Investigating shotover bugs
This document describes the general process I follow for debugging. There is no need to strictly adhere to it, but maybe you will find something useful here.
Ensure the project has no warnings
The rust compiler's warnings should always be addressed immediately as they can point out program breaking mistakes.
For example a missed .await
will leave a future unresolved but is hard to notice from visual inspection.
I recommend ensuring cargo check --all-targets
returns no errors at all times.
You can set features to reduce runtime e.g. cargo check --all-targets --no-default-features --features kafka
but that will disable some dead code warnings (fine for development).
You can use a tool like bacon or cargo watch to keep track of warnings.
Note that CI will fail if your PR has any warnings anyway, so you'll have to address them all eventually.
Failing test
Write or modify an integration test to reproduce the bug.
Integration tests live at shotover-proxy/tests/
.
Add DebugPrinter
Add DebugPrinter
to the test's topology.yaml
.
This will setup shotover to log every request and response that passes through.
For example:
sources:
- Kafka:
name: "kafka"
listen_addr: "127.0.0.1:9192"
chain:
- DebugPrinter # Add this line here!
- KafkaSinkSingle:
destination_port: 9092
connect_timeout_ms: 3000
For a simple valkey request/response, the logs will look like:
shotover 06:37:14.712042Z INFO connection{id=2 source="valkey"}: shotover::transforms::debug::printer: Request: Valkey Array([BulkString(b"GET"), BulkString(b"bar")])
shotover 06:37:14.712212Z INFO connection{id=2 source="valkey"}: shotover::transforms::debug::printer: Response: Valkey BulkString(b"foo")
Run the test
Run the test by:
cargo nextest run --no-default-features --features kafka kafka_int_tests::passthrough_standard::case_1_java --nocapture
Broken down we have:
--no-default-features --features kafka
will compile only the parts of shotover and the integration tests required for the specified protocol.- This will drastically improve time to compile shotover and the tests, currently it drops from 15s to 5s. The difference will grow as shotover grows.

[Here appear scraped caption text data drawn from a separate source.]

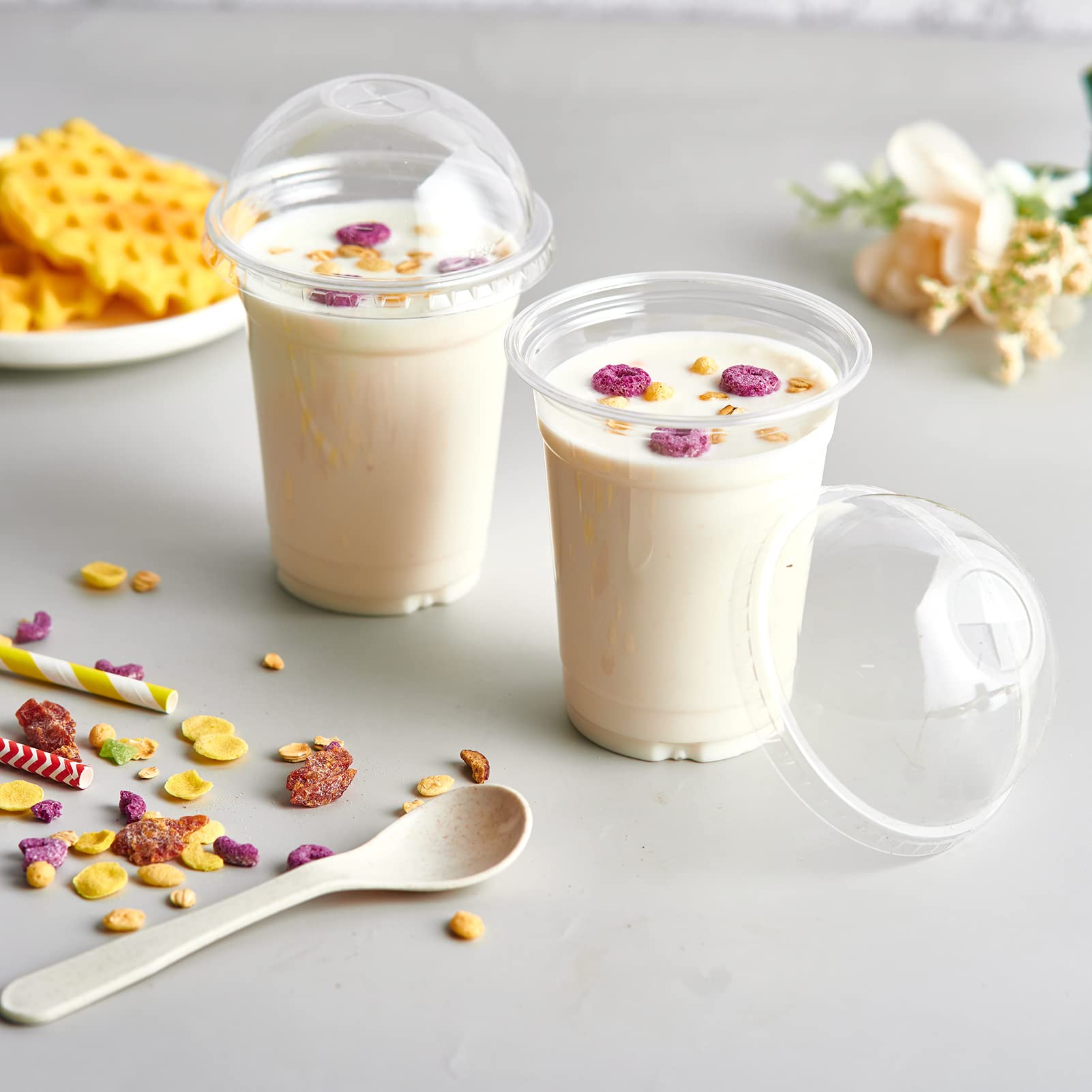 Bulk Parfait Cups with Lids | Plastic Dessert Containers for Ice Cream, Smoothies | Restaurant Supply - EWT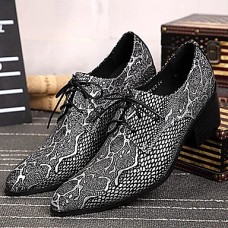 Men's Shoes Limited Edition Oriental Temperament Nightclub/Party Top Layer Leather Oxfords Silver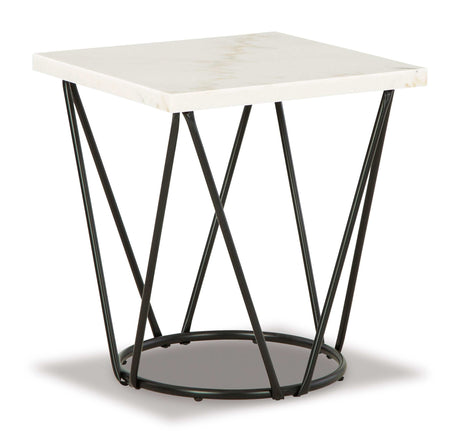 Vancent White & Black Square End Table - Ornate Home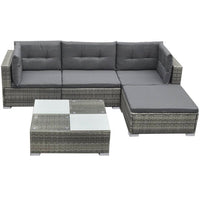 Thumbnail for 5-tlg. Garten-Lounge-Set mit Kissen Poly Rattan Grau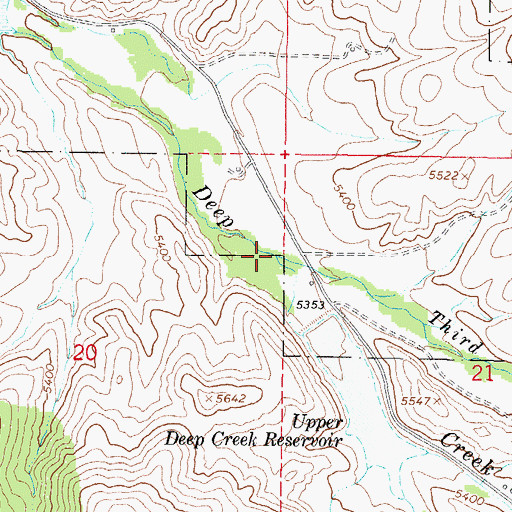Topographic Map of Third Creek, ID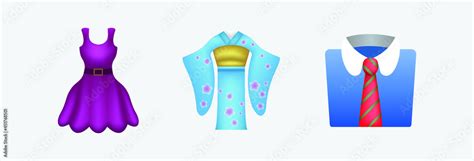 Clothes Icons Emoji Set Cartoon Set Of Clothes Icons Isolated On White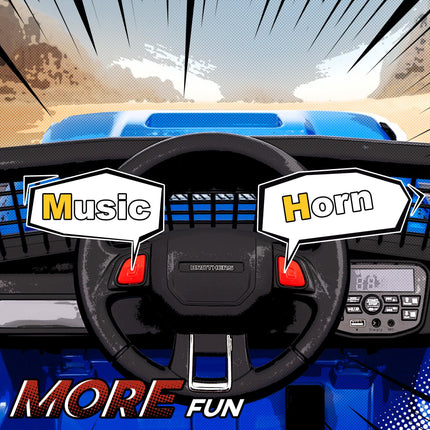 12V Kids Electric Ride-On Truck with Remote, Suspension, Music & Lights - Blue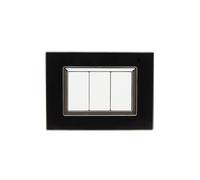 PLACCA ELEGANCE VETRO EFFETTO LUCIDO INCASSO SUPPORTO COMPATIBILE MATIX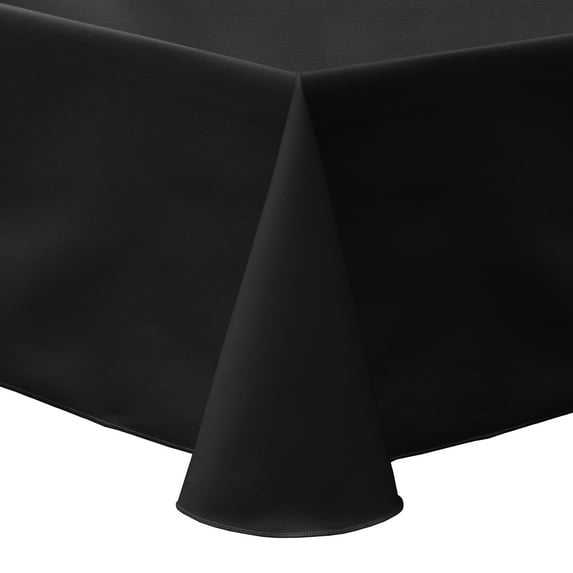 Ultimate Textile Poly-cotton Twill 60 x 120-Inch Oval Tablecloth Black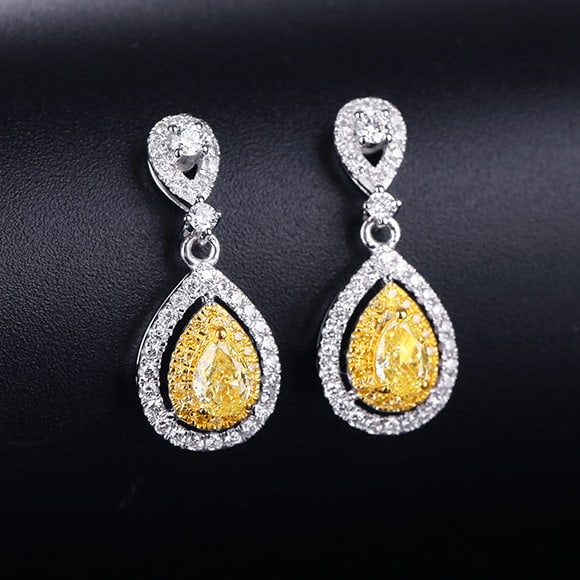 14k Gold 0.99 Ctw Natural Yellow Diamond & Diamond Earrings - 2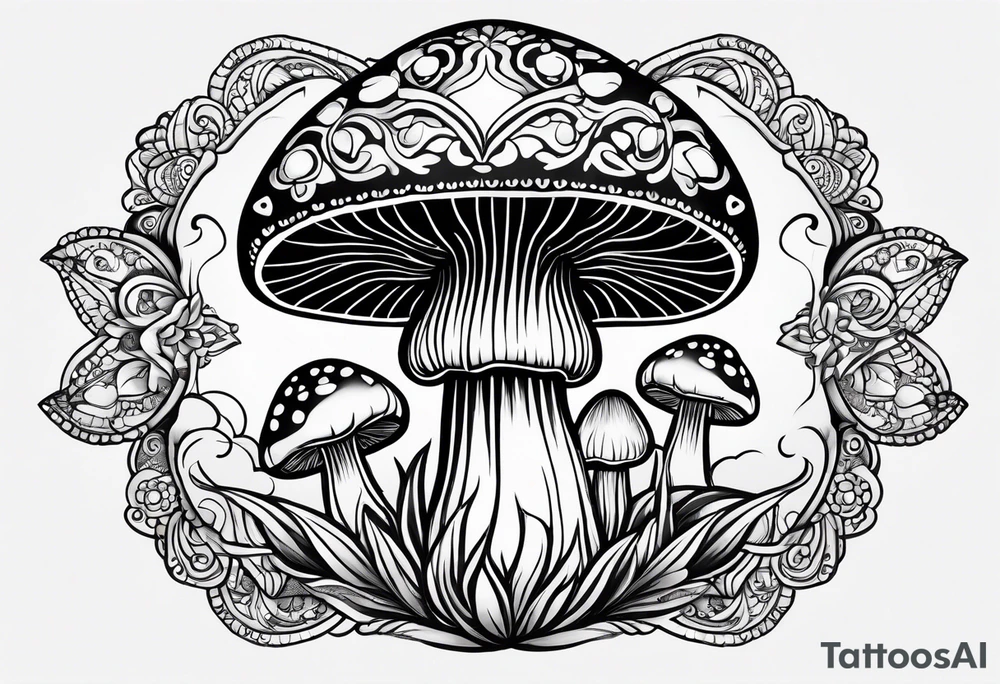 Large Shaggy cap mushroom dripping ink off cap with 4 smaller mushrooms around it mandala henna black tattoo design tattoo idea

- For a full list of features refer to the
[features]
section in shotover-proxy/Cargo.toml
kafka_int_tests::passthrough_standard::case_1_java
the exact name of the test to run.- We could also specify just
kafka_int_tests::passthrough
to run every test inkafka_int_tests
that starts withpassthrough
. Refer to the nextest docs for more advanced filtering.
- We could also specify just
--nocapture
disables the test runner from capturing (and hiding) the test and shotover's stdout+stderr.- By default the test runner captures the output so it can avoid displaying output from a test that passed and is therefore uninteresting.

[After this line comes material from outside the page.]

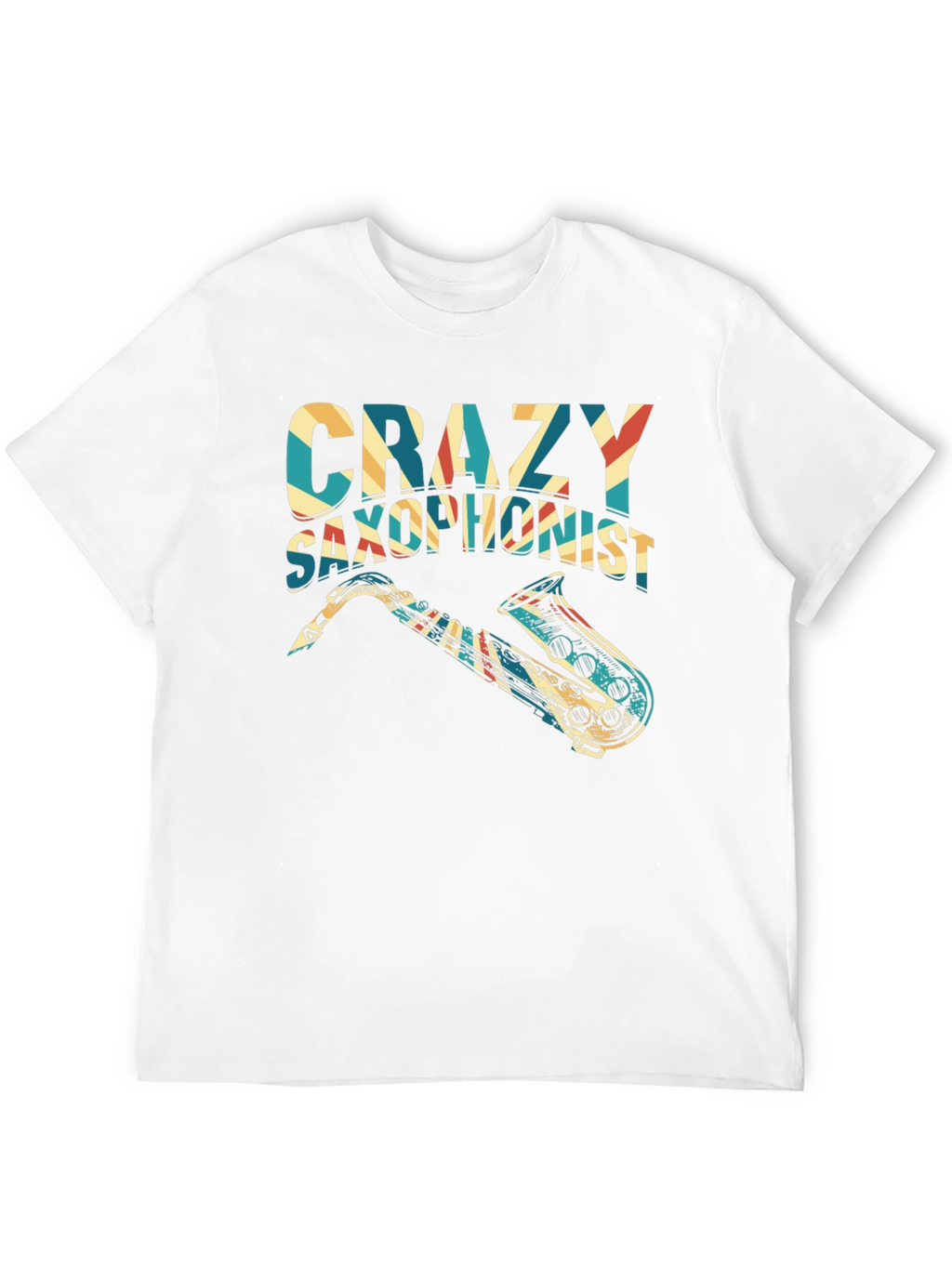 Crazy Saxophonist Graphic Tee - Retro Music Lover Shirt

- Disabling capturing when debugging is useful since:
- Even if the test passed we can still access the logs
- We can see the test output in real time.
- stdout and stderr remain intermingled instead of separated.
Log levels
By default shotover and the integration tests will run at log level INFO. This means INFO
, WARN
and ERROR
level logs will be emitted, while DEBUG
and TRACE
level logs will be dropped.
You can alter the log level used by a test run by running RUST_LOG=DEBUG cargo nextest run ..
.
Exploration
Examine the logs emitted by DebugPrinter
.
From the perspective of a DebugPrinter
in a simple chain that looks like Source
-> DebugPrinter
-> Sink
:
- Requests are coming from the source codec.
- Responses are coming from the sink and into the sink from the sink's codec.
So determine whether to first investigate the source codec or sink by determining if the problem is occurring in the debug printer's requests or responses.
Sprinkle tracing::info!("some log {}", some.variable)
around suspect areas in the codebase to narrow down whats going wrong.
Rerun the test each time to learn more about the behavior of the system and narrow down your search.
Delete these extra logs when you are finished your investigation. Some of them could be downgraded to a tracing::debug!()
and kept if they are found to be generally valuable.